Babies with IUGR will have a low birth weight, may develop hypothermia when born, and have a higher rate of stillbirth and fetal distress.

How is Intrauterine Growth Restriction (IUGR) Diagnosed?

Intrauterine growth restriction can be difficult to diagnose, because there are generally little or no signs and symptoms.

It is vital that you keep all of your prenatal visits and check-ups because this is the only way that IUGR can be detected. At each of your prenatal visits, your health care provider will measure your uterus to see how your baby is growing.

IUGR is usually discovered at a prenatal visit, when your health care provider detects that your measurements and your weight are not increasing at a normal rate.

Once IUGR is suspected, an ultrasound can be used to confirm the diagnosis.

What Causes Intrauterine Growth Restriction (IUGR)?

Intrauterine Growth Restriction (IUGR) could be the result of problems with the placenta, which prevent the proper transfer of nutrition and oxygen to the fetus.

The following may contribute to a predisposition to IUGR:

  • Cigarette smoking
  • Drug abuse
  • Alcohol consumption
  • Maternal high blood pressure
  • Preeclampsia or eclampsia
  • Malnutrition or poor weight gain by the mother
  • Disease in the mother
  • Multiples pregnancies
  • Immune disorders
  • Cord or placenta abnormalities
  • Rubella, cytomegalovirus, or toxoplasmosis infection
  • Birth defects or chromosomal abnormalities
  • Maternal anemia

What is the Treatment for Intrauterine Growth Restriction (IUGR)?

The first step to improving intrauterine growth restriction is to avoid correct any contributing factors, such as smoking, drug use, alcohol use, or poor nutrition.

Sometimes admission to the hospital or bed rest may be prescribed. Resting on your side takes pressure off of the uterus and can help the baby get optimal blood flow, which is key to improving the baby’s health and growth.

If disease in the mother is the cause of IUGR, then treatment will be geared at improving the mother’s health.

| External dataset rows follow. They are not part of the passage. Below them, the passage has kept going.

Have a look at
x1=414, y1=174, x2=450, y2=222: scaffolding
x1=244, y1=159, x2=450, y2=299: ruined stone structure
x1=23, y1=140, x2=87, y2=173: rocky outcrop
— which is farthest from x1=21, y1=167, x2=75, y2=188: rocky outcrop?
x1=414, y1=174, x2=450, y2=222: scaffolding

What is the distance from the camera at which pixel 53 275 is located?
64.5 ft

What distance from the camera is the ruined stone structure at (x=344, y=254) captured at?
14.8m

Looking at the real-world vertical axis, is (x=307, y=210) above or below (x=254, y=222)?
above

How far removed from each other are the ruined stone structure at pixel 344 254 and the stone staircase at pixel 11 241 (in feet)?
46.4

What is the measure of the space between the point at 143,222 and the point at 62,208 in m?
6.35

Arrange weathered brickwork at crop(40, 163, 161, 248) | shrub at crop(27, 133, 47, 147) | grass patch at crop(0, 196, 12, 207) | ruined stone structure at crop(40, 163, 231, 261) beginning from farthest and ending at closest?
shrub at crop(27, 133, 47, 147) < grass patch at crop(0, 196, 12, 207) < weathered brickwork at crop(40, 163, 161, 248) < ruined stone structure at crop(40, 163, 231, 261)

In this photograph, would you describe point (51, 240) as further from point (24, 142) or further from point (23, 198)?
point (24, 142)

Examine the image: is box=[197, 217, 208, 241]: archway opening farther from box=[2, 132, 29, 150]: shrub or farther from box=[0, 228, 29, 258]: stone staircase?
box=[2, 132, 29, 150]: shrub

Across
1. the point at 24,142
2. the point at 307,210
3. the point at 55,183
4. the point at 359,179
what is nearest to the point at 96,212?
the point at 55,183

Ultrasound may be used every few weeks to help track the baby’s growth and development. Your healthcare provider may suggest an amniocentesis in order to evaluate whether or not the fetus has any chromosomal abnormalities or if an infection is present.

If test results show that your baby is not growing well and that the fetus is in danger, your health care provider may recommend early delivery of your baby. This may be done by inducing a vaginal labor or by caesarian, depending on the issues involved.

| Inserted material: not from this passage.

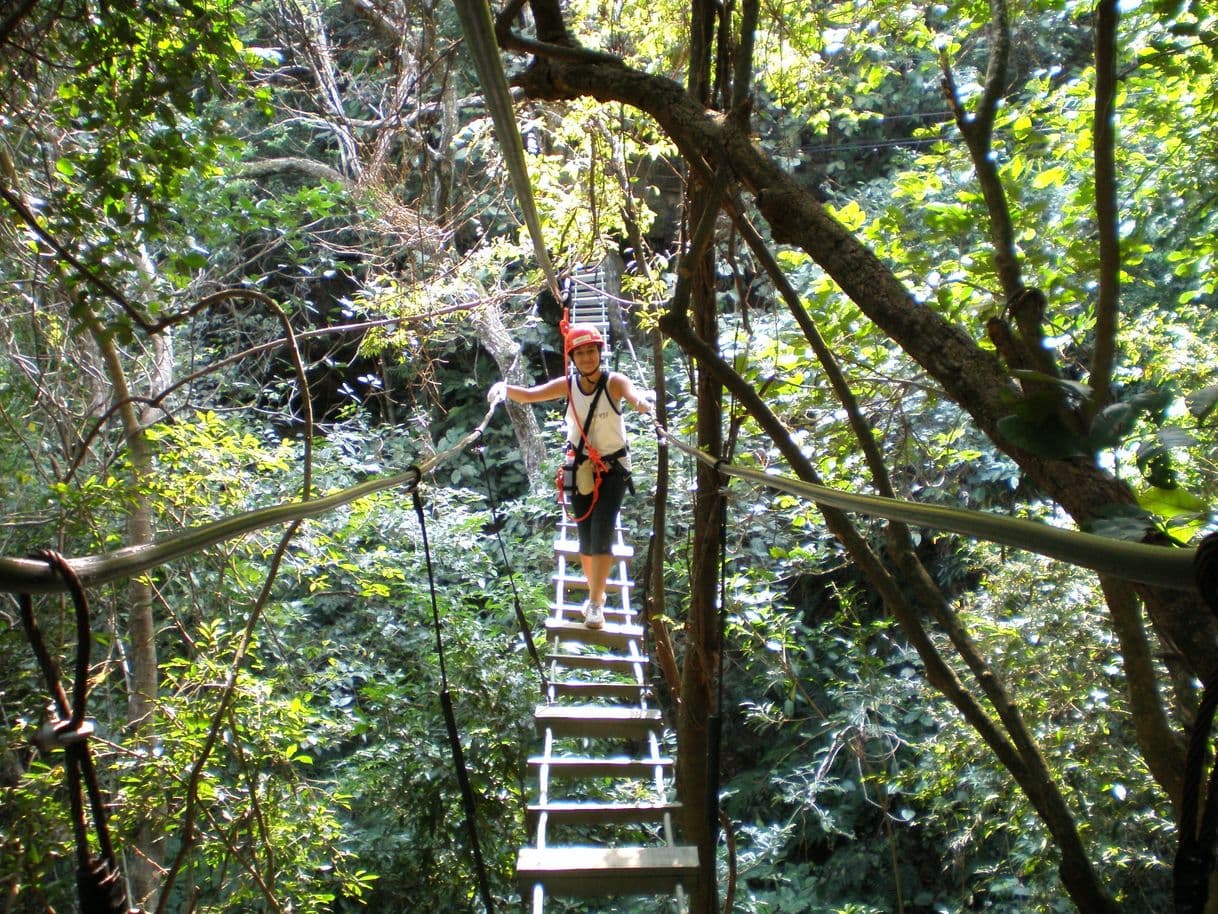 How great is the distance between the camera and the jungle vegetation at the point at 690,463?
139cm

Sometimes it is possible to reverse IUGR with careful monitoring and early intervention. Even if the baby does not catch up to normal size before birth, it is not an indication of future growth and development.

Many growth restricted babies will catch up to normal sizes by the time they are 1 ½ to 2 years of age. In many cases the chances are high that most growth restricted babies will have normal physical and intellectual development over time.